FG‑2A sounds every bit as smooth and easy as an LA‑2A should, and it has the right character too: it’s not nearly so bright and ‘in your face’ as some of the established competition, so it just feels effortless on vocals and bass, as it should. The mix and stereo link controls make it great on more complex sources such as a stereo drum or mix bus, and I loved that I could use two instances in series, either with one compressing and the other limiting, or a parallel compressor running into a fully ‘wet’ one, to control sources whose dynamic range changes in different song sections.

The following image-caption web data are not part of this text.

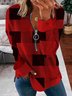 Plus Size Half Open Collar Casual Loose Plaid T-Shirt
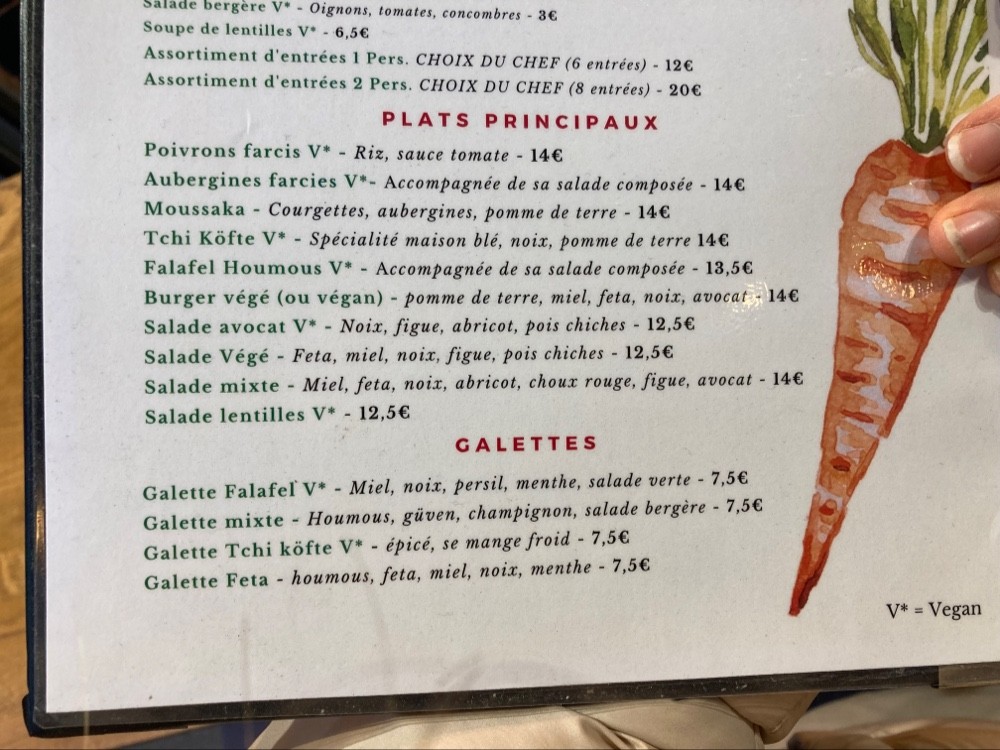 Vege Brancion menu 2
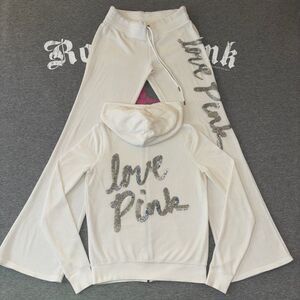 Rare VS PINK White Velour Velvet Holographic Sequin Bling Matching Outfit Set XS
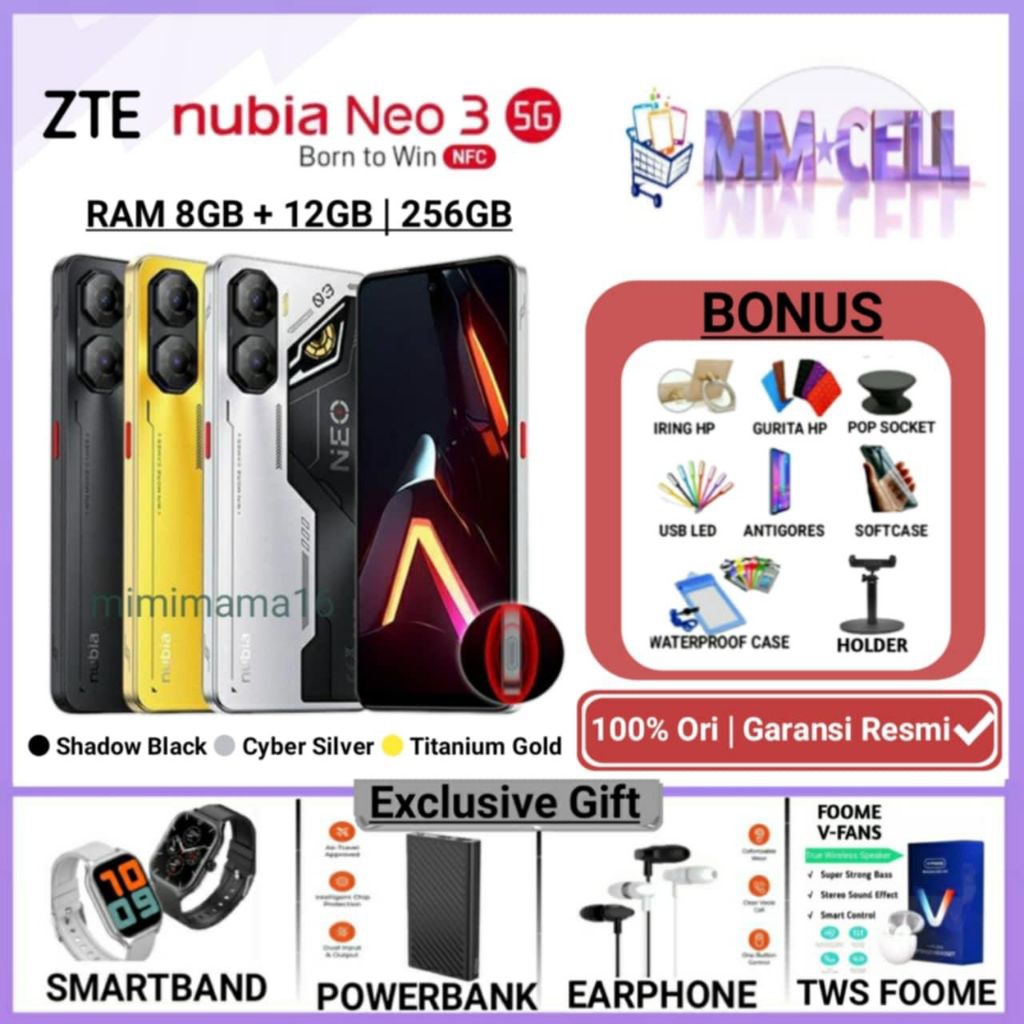 ZTE Nubia Neo 3 5G RAM 8/256 GB | Nubia Neo3 5g RAM 8GB + 12GB /256 GB GARANSI RESMI ZTE INDONESIA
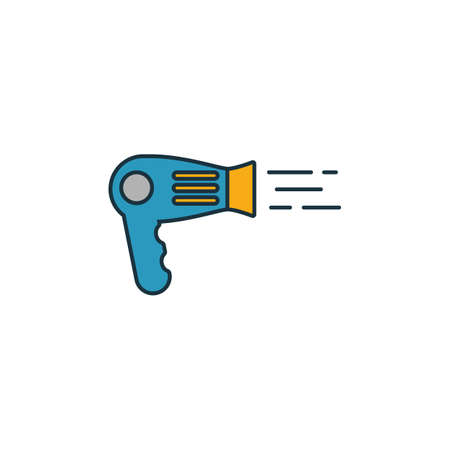 Hair Dryer icon set. Four elements in diferent styles from household icons collection. Creative hair dryer icons filled, outline, colored and flat symbols.のイラスト素材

All else being equal, the UA plug‑ins require you to bring the Peak Reduction control down further for the same gain reduction but, generally, the action of these and FG‑2A is similar. FG‑2A sounds closest to UA’s Silver model to my ears, though the latter perhaps sounds just a touch more ‘forward’. I couldn’t pick a favourite; I might make different choices between these plug‑ins at different times. Which means that while I can’t test Slate’s claim that this is the most authentic model, I can say with certainty that FG‑2A is up there with the best LA‑2A emulations. It also added a couple of useful features and doesn’t require dedicated DSP to run. So it ticks all of the boxes for me. Recommended.
A classy LA‑2A emulation that’s easy on the ear and boasts some simple but useful functionality.